A letter to my vanquished fantasy football opponent
I think you know me well enough to know that I’m not one to adhere to social conventions for the sake of meeting expectations. Fish gotta swim, Birds gotta fly, I’ve got to go on being Mark Hemingway until the day I die. So I’m concerned that after yesterday’s fantasy football victory over you, you think I would be inclined to say some pithy things about how your total inability to get your act together and show up for the draft meant that you had to lean on Joel to select your players. And how I might use this as a launching point to explain how this is broadly reflective of your bigger failures as a person.

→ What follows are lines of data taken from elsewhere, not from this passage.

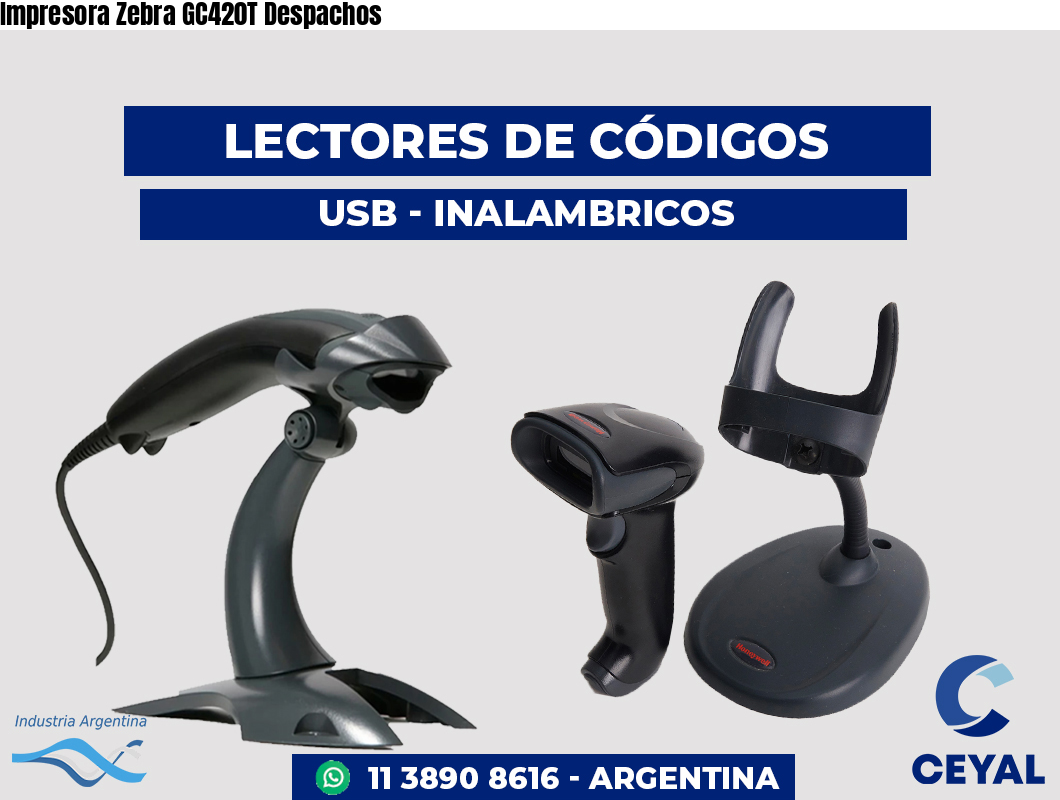 Impresora Zebra GC420T Despachos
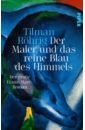 виниловая пластинка heinrich isaac und seine zeit генрих Rohrig Tilman Der Maler und das reine Blau des Himmels. Der große Franz-Marc-Roman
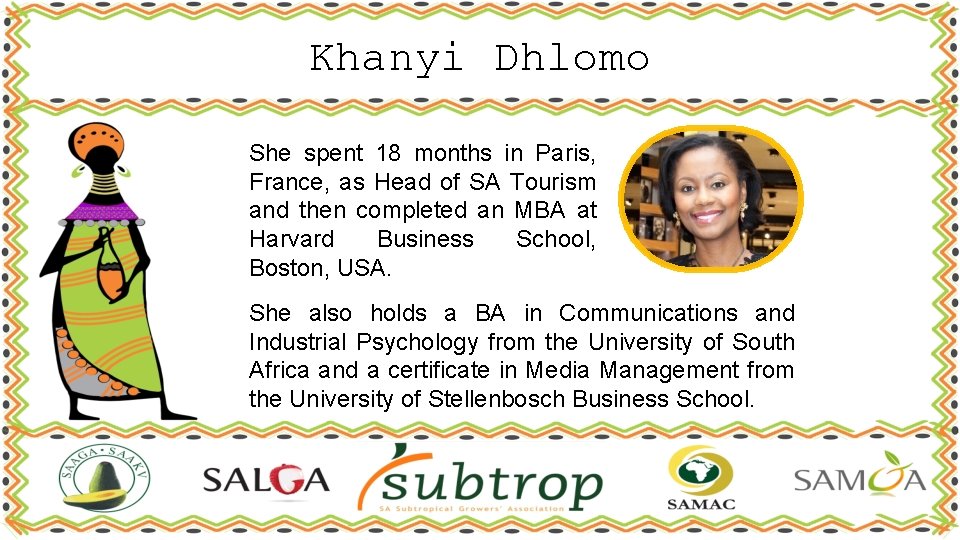 Khanyi Dhlomo She spent 18 months in Paris, France, as Head of SA Tourism
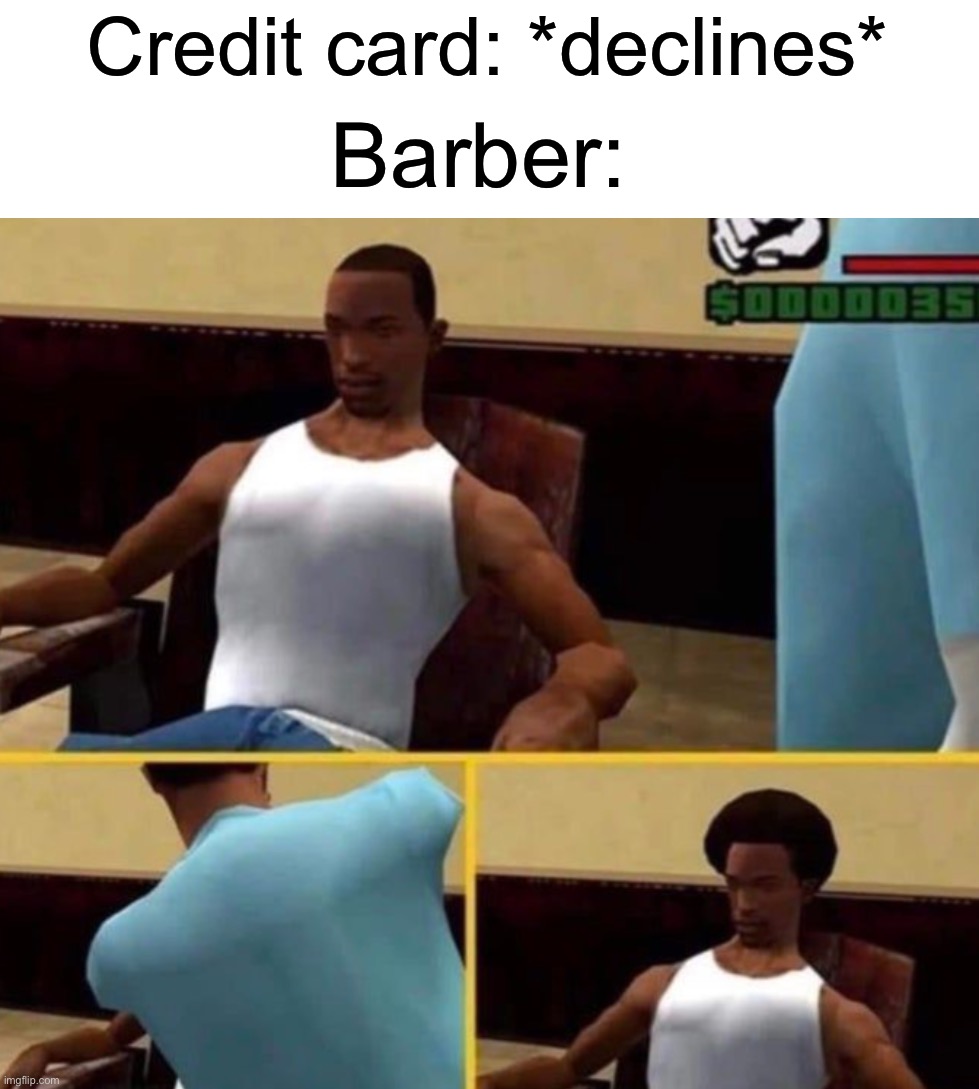 Dear god- | Credit card: *declines*; Barber: | image tagged in memes,funny,gaming,gta,funny memes | made w/ Imgflip meme maker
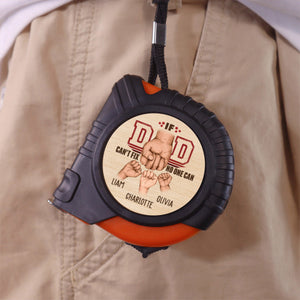 If Dad Can't Fix No One Can - Personalized Tape Measure - Father's Day, Birthday Gift For Dad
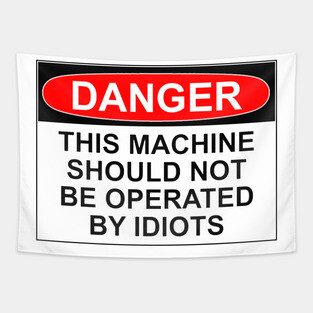 Danger - Idiots Tapestry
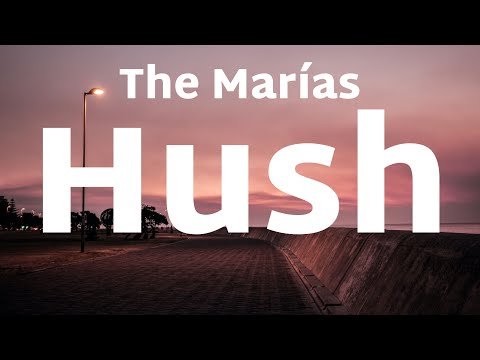 The Marías - Hush (Lyrics)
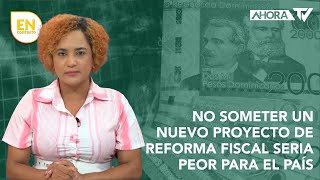 No someter un nuevo proyecto de Reforma Fiscal podría seguir deteriorando la vida del dominicano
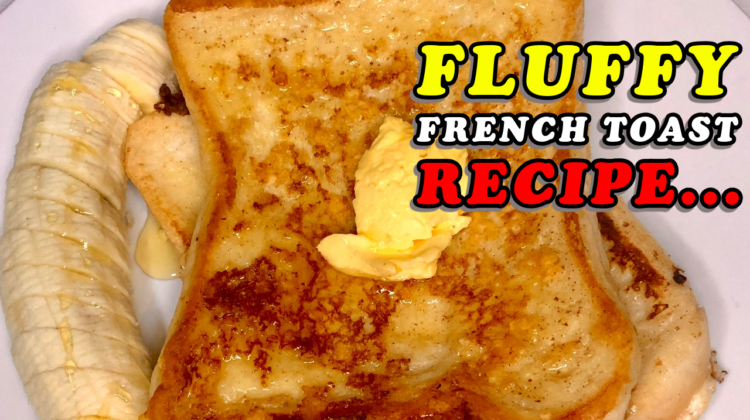 Fluffy French Toast Recipe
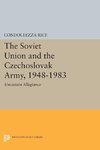 The Soviet Union and the Czechoslovak Army, 1948-1983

I believe this is colloquially known as “trash talking,” and I feel dirty even thinking about sinking to such depths.
I come not to bury you in trash, but to offer my sympathies. I can only imagine how humiliating it must feel for me to have more than doubled your score, especially since I still have a running back who’s likely to rub salt in the wound by scoring a nontrivial number of points in the game tonight. Not only that, this was the week where my highest scoring player—Aaron Rodgers—was on a bye. And yet, I still scored 32 points with a QB I yanked off the waiver wire. I know you’re still 2-2, but with yesterday’s utter breakdown I suspect you’re going through a much Darker Night of the Soul than that record would suggest.
So I just wanted to say, hang in there, Ric. I mean, you should also beg, borrow or steal a running back that doesn’t suck so bad he plays like he was engineered by James Dyson—but hang in there.
I had better get off the toilet now,
P.S. If you doubt my sincerity, I refer you to the whimsical illustration attached to this email.